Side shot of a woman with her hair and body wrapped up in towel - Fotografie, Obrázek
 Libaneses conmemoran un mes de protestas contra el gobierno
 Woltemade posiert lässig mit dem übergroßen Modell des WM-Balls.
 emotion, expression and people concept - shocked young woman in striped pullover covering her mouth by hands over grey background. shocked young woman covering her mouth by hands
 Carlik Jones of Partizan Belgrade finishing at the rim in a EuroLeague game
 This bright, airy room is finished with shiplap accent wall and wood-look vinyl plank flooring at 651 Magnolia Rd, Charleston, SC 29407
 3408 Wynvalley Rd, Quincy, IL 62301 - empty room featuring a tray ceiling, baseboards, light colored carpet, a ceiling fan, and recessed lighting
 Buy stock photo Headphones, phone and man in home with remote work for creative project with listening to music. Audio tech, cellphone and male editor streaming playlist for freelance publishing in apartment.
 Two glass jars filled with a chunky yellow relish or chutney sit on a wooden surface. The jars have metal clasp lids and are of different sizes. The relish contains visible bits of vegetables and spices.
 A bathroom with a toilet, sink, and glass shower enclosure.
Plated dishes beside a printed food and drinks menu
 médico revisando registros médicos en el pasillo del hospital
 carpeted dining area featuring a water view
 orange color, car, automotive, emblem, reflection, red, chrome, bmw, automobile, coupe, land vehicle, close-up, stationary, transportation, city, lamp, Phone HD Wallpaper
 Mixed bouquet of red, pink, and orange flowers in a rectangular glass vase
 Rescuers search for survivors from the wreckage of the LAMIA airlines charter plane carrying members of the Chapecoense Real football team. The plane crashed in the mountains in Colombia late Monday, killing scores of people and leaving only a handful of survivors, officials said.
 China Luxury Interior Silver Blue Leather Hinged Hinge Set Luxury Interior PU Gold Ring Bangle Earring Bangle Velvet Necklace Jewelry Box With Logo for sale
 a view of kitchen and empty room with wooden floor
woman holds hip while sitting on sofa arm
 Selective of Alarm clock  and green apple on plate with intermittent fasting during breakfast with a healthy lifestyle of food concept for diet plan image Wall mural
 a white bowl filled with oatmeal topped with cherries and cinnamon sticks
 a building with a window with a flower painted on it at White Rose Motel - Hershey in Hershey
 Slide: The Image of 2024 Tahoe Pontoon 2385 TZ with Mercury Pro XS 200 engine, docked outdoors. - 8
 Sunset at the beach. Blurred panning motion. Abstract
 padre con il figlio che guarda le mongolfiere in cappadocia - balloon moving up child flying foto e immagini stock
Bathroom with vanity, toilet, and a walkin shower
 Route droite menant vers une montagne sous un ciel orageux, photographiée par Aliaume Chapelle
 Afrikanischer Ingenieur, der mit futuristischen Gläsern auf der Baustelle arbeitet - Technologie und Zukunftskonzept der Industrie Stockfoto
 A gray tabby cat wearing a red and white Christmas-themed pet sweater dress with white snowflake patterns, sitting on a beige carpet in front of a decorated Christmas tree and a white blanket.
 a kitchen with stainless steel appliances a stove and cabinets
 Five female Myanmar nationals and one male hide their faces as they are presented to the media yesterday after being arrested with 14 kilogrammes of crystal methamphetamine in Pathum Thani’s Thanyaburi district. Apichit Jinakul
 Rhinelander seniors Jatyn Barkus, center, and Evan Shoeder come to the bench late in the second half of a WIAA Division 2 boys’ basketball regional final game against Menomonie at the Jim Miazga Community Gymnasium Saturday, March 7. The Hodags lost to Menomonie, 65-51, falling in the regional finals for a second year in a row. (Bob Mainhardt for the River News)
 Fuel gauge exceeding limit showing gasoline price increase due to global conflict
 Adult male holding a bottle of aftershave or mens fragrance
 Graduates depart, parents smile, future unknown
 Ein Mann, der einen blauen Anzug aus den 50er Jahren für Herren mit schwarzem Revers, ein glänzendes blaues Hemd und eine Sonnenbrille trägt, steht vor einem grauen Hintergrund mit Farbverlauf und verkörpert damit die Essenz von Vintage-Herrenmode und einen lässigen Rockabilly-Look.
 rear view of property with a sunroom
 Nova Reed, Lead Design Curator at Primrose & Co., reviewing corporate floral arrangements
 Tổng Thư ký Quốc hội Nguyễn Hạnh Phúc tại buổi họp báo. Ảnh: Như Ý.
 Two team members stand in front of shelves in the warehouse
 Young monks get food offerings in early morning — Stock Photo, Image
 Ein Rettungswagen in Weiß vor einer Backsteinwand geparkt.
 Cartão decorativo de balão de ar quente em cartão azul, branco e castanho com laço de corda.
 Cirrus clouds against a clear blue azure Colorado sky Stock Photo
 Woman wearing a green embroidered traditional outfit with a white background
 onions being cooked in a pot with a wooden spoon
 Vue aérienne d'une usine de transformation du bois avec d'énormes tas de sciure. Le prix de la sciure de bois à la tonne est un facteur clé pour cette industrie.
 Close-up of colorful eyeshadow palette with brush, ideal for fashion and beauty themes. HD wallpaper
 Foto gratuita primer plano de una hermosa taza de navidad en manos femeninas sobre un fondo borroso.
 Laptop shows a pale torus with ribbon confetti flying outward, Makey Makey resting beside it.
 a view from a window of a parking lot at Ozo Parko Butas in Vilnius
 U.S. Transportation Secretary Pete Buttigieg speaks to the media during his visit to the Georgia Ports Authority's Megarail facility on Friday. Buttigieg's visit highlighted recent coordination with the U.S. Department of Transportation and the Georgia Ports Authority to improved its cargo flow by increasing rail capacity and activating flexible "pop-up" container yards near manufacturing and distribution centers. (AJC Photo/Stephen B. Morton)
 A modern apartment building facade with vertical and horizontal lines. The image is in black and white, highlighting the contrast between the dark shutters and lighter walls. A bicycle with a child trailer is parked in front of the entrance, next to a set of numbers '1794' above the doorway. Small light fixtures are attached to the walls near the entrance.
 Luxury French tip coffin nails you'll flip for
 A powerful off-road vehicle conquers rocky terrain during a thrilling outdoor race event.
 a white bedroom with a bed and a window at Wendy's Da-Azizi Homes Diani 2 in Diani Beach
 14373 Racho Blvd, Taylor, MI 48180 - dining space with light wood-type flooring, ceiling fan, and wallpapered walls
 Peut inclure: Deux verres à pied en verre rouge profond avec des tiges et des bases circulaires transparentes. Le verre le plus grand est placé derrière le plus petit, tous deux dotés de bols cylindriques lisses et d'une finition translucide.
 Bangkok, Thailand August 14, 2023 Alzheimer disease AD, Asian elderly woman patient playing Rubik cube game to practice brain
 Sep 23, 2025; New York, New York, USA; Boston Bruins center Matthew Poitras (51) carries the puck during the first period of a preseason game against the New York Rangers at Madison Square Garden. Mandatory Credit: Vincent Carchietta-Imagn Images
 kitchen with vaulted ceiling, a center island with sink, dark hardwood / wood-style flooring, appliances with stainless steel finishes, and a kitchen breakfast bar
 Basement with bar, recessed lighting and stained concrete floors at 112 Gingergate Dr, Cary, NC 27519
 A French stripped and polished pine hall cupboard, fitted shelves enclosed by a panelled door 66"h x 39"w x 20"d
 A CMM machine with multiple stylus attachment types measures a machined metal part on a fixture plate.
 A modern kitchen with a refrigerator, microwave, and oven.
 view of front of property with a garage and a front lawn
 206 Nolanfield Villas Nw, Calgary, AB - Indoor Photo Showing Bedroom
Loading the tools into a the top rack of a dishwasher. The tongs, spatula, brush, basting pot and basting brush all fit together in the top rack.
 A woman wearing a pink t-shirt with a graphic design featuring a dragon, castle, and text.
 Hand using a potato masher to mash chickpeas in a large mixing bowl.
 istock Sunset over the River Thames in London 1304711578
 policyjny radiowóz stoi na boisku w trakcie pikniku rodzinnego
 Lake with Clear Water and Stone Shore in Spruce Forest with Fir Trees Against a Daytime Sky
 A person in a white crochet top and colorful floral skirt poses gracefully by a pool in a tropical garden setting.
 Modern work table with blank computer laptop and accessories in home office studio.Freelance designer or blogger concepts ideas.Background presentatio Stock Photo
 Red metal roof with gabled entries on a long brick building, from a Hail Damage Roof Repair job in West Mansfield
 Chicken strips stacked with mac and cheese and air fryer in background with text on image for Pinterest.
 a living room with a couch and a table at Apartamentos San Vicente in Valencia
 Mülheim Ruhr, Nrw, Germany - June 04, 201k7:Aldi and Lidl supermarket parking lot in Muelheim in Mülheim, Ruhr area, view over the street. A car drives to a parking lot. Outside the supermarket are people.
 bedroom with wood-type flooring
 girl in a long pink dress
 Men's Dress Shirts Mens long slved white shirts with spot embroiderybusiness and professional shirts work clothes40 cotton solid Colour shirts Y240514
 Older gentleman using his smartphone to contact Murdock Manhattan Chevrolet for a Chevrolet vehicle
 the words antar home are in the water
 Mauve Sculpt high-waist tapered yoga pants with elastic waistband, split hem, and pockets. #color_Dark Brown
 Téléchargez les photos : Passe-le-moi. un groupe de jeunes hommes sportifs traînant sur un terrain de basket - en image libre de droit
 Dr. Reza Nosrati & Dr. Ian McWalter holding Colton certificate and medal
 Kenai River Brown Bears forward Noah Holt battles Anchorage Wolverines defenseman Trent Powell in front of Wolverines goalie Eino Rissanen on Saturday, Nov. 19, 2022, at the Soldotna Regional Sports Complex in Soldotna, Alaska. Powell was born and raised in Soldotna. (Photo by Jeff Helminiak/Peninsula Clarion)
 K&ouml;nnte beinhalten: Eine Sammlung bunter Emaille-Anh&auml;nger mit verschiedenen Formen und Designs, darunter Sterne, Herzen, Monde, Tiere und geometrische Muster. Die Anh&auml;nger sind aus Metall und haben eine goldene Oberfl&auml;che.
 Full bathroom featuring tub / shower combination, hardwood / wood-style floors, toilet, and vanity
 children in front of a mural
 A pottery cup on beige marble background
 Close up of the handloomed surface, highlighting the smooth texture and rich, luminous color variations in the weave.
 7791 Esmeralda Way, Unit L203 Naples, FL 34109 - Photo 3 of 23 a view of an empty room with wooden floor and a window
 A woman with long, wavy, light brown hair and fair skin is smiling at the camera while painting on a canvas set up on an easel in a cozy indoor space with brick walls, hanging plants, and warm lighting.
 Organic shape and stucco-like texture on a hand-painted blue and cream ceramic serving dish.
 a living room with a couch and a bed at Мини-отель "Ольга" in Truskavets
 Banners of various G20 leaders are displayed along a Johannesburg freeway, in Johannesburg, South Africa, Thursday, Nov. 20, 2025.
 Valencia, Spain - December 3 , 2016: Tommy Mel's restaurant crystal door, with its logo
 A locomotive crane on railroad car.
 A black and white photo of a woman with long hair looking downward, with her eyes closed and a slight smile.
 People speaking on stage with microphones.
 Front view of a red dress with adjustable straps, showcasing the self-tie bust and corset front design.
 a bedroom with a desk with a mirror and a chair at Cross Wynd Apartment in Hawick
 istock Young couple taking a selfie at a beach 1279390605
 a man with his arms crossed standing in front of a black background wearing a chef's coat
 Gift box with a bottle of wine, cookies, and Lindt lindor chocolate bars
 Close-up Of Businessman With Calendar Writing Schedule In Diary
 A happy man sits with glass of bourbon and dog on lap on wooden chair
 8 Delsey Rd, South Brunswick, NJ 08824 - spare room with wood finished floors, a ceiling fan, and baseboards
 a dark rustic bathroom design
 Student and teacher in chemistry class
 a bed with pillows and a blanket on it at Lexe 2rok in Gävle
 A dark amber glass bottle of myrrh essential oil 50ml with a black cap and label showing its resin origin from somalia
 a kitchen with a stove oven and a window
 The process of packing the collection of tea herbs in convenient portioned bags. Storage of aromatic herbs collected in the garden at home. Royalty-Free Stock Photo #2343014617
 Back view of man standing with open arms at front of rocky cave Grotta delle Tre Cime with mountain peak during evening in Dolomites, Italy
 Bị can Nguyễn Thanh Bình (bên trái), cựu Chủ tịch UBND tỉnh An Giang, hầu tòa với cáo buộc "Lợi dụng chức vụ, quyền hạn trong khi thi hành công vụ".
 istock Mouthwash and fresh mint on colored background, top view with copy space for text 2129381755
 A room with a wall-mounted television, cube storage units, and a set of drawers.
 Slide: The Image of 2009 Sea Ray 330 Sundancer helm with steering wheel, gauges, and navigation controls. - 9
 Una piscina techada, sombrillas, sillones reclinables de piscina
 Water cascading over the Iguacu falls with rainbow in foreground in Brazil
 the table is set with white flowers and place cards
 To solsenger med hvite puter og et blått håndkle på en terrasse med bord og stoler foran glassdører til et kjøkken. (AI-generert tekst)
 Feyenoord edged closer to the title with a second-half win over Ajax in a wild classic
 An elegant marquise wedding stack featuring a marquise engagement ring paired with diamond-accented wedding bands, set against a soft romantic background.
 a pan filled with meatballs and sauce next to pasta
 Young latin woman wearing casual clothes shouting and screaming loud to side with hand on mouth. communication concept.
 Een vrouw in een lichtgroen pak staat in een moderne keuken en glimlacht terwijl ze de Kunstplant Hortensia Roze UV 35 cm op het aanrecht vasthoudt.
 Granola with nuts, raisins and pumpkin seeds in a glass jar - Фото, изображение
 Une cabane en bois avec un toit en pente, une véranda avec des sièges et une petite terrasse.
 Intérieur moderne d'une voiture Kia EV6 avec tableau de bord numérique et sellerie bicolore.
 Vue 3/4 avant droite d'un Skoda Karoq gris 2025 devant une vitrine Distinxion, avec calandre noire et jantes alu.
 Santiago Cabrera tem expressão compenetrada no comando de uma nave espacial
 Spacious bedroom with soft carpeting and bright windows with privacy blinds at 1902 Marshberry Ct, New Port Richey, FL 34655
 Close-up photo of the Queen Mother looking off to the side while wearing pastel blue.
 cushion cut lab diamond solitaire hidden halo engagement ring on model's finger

Prompt: Exactly the lines from the start of the entries through the one bearing "Buy stock photo" are to be output, with both ends included.

Solution to this problem:
Side shot of a woman with her hair and body wrapped up in towel - Fotografie, Obrázek
 Libaneses conmemoran un mes de protestas contra el gobierno
 Woltemade posiert lässig mit dem übergroßen Modell des WM-Balls.
 emotion, expression and people concept - shocked young woman in striped pullover covering her mouth by hands over grey background. shocked young woman covering her mouth by hands
 Carlik Jones of Partizan Belgrade finishing at the rim in a EuroLeague game
 This bright, airy room is finished with shiplap accent wall and wood-look vinyl plank flooring at 651 Magnolia Rd, Charleston, SC 29407
 3408 Wynvalley Rd, Quincy, IL 62301 - empty room featuring a tray ceiling, baseboards, light colored carpet, a ceiling fan, and recessed lighting
 Buy stock photo Headphones, phone and man in home with remote work for creative project with listening to music. Audio tech, cellphone and male editor streaming playlist for freelance publishing in apartment.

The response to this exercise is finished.